Loss inspires a meditation on grief and remembrance

Jessie Neilson reviews The White Book by Han Kang, published by Granta/Allen & Unwin.

"Now I will give you white things,
What is white, though may yet be sullied;
Only white things will I give.
No longer will I question
Whether I should give this life to you."

Han Kang’s older sister, her onni, with a face as white as a crescent-moon rice cake, lived less than two hours. Their mother’s first child, she had her swaddling bands wrapped around her, to emulate the condition within the womb.

Kang proposes this work as one transformative and healing, like gauze laid over a wound. She hopes that if she sifts words through herself she will come to some knowledge. Sentences will shiver out.

The streets of the city are snow-covered, a soundless state with "an equal absence of joy or sorrow, and the street’s erasure is complete". Yet, in describing exterior states they only mask her own retreat into her own interior; the "muffled early-morning hours" and the ghosts of the city a time and condition of thinking.

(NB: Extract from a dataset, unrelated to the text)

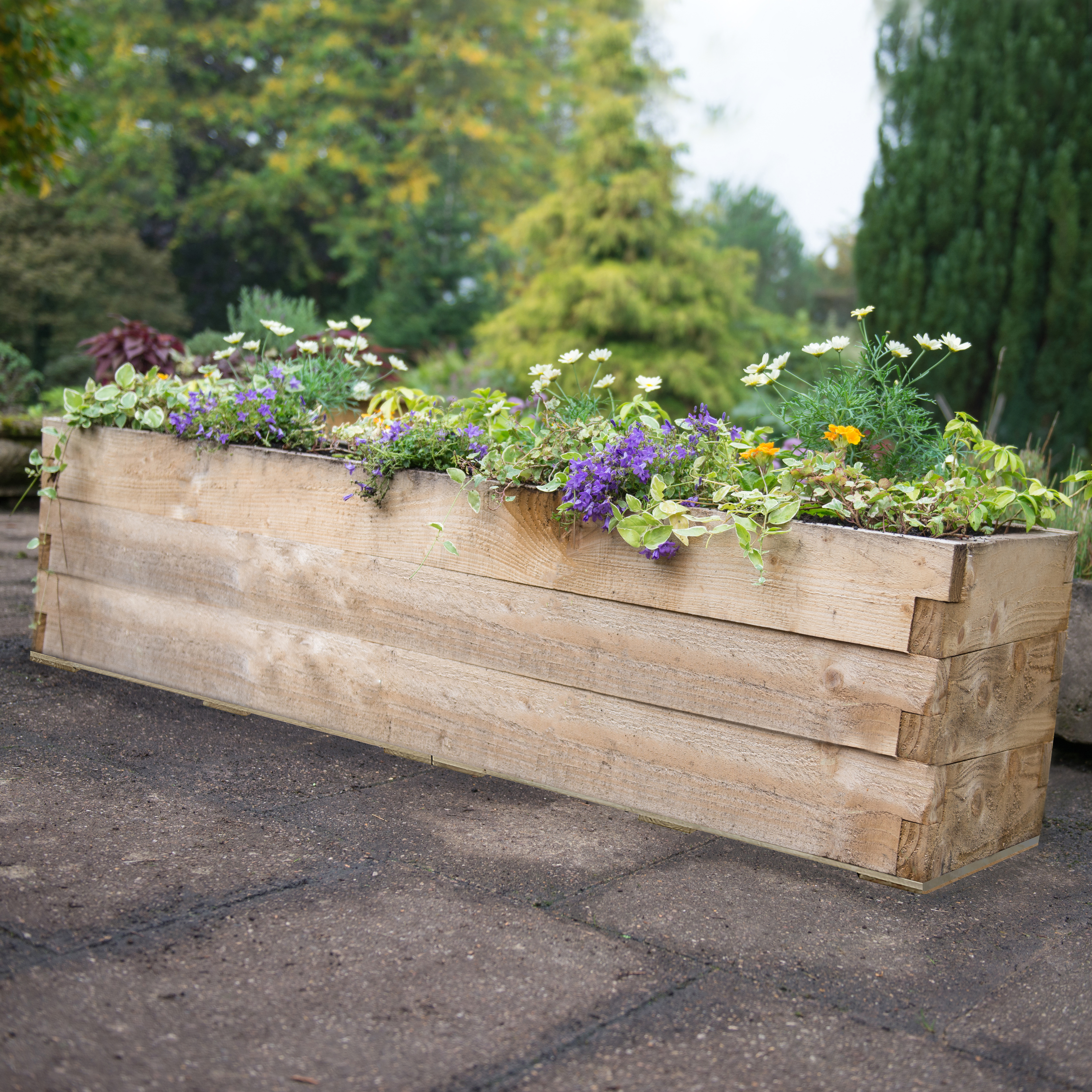 Caledonian trough Raised garden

She makes an inventory of white objects that are motifs in her life. Black and white photographs accompany, and are simple and wordless: of a hand holding a pebble, or a woman bent over, creating, in a dimly-lit gallery room, where even in darkness certain objects appear white.

It is not only the pain of losing her older sister and an alternative scenario that preoccupies the author. She is haunted by the ghosts of Germany and World War 2, picturing warm white candle wax creeping ever downwards; a shortening of life and memory. More immediately, she is permanently affected by the 1980 Gwangju Massacre, a formative event in her home town, when thousands of students rose up in a peaceful show of democracy and many were gunned down under the militant leadership of General Chun Doo-hwan. Her family had only recently moved from Gwangju to Seoul, and this event thereafter has symbolised for her "all that has been mutilated beyond repair".

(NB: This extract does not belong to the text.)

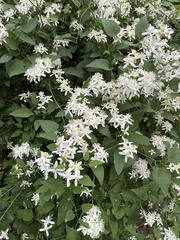 Clematis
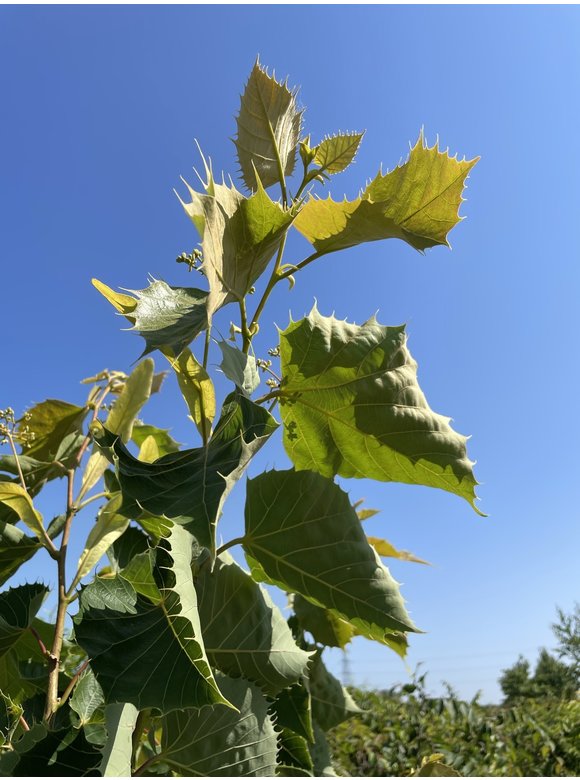 Henrys-Linde Henryana - Mehrstämmig | Tilia Henryana Henrys-Linde Henryana - Mehrstämmig | Tilia Henryana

Kang was born into a family of writers, and she has attended the Iowa Writers’ Workshop. She and her partner in translation, Deborah Smith, together claimed the 2016 Man Booker International Prize for The Vegetarian, making her the first Korean writer to do so. Smith has been charged with rendering Kang’s works entirely different products — of turning the simplicity and understatedness of the Korean originals into florid, poeticised embellishments. Korean academic and translator Charse Yun likens the process to a Carver work being turned into one by Dickens, yet Yun mostly comes out in favour of the secondary product regardless. Any interpretation is going to be its own creative work in itself, whatever its honouring of the original.

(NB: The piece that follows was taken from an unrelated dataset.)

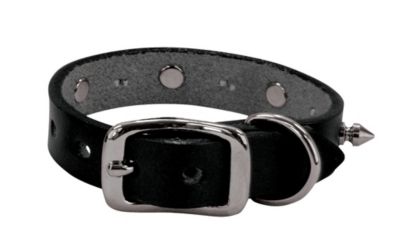 Weaver Spikes 58 Dog Collar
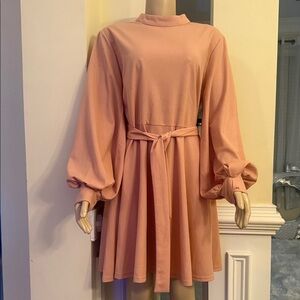 Elegant Pink High Neck Blouson Long-Sleeve Skater Dress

The White Book hardly resembles The Vegetarian at all, save that they are both novellas, and both share a curious creative seed in Kang’s frequent migraines, which she says are a vital impetus for her fevered work. The White Book, in Korean simply "Huin", or white, is much less disturbing, and seeks less of a narrative, appearing more as a brief whisper or a meditation, on grief, remembrance, and the dignity of the human condition.

- Jessie Neilson is a University of Otago library assistant.